ElevenLabs has launched its 2026 AI music marketplace, allowing creators to upload, sell, and license AI-generated compositions—even though they hold no legal ownership. The platform pays users based on downloads and commercial licenses, yet its terms explicitly deny intellectual property rights to both users and the company. This bold, legally ambiguous model is forcing a global conversation about authorship in the age of generative AI.

Who Owns AI Music in 2026?

Under current U.S. and EU copyright law, AI-generated works cannot be copyrighted if no human author is involved. The U.S. Copyright Office has reaffirmed this stance in 2025–2026 rulings, leaving ElevenLabs’ model technically legal but ethically fraught. Users generate music, but neither they nor ElevenLabs can claim ownership—creating a void where rights should be.

Legal Risks for Sellers and Buyers

Creatures who sell on ElevenLabs face zero protection: if a track is sampled in a hit song, they have no recourse. Meanwhile, buyers—film producers, podcasters, and game studios—risk licensing music trained on unlicensed copyrighted material. Legal scholars warn this could trigger a wave of "AI copyright chaos," similar to early YouTube takedowns.

How ElevenLabs Handles Copyright Claims

ElevenLabs currently has no formal system for addressing copyright disputes. The platform relies on DMCA-style takedown requests, but since no one owns the music, claims are often unenforceable. There’s no attribution layer, no training data disclosure, and no royalty-sharing model for original artists whose work may have trained the models.

Commercial Use AI Music: Is It Safe?

While the marketplace promotes "commercial use AI music" as a feature, licensing terms offer no indemnification. Buyers assume all liability. Industry experts advise avoiding AI tracks from unverified platforms for high-stakes projects—especially advertising or streaming releases—until clearer regulations emerge.

Creator Feedback: Empowerment or Exploitation?

User reactions on Zhihu reveal stark divides. Some praise the passive income: "I made $2,000 in 3 months from one track." Others fear exploitation: "I’m just fuel for their AI, with no rights or future value." The lack of attribution and long-term control undermines trust, even as earnings rise.

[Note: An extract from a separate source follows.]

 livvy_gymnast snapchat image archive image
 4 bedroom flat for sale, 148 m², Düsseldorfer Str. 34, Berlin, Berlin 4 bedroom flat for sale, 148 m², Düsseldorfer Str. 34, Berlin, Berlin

ElevenLabs has not responded to inquiries about introducing licensing frameworks or rights management. Its recent release of Eleven Multilingual V2 suggests a strategic push into content ecosystems—but without solving the foundational IP crisis. As AI music marketplaces proliferate, regulators face mounting pressure. Until then, this marketplace stands as both a breakthrough and a warning: democratizing creation, but leaving creators with nothing to own.

AI music licensing is no longer theoretical—it’s live, profitable, and legally perilous. If you don’t own the music you sell, who does? And should they be paid instead?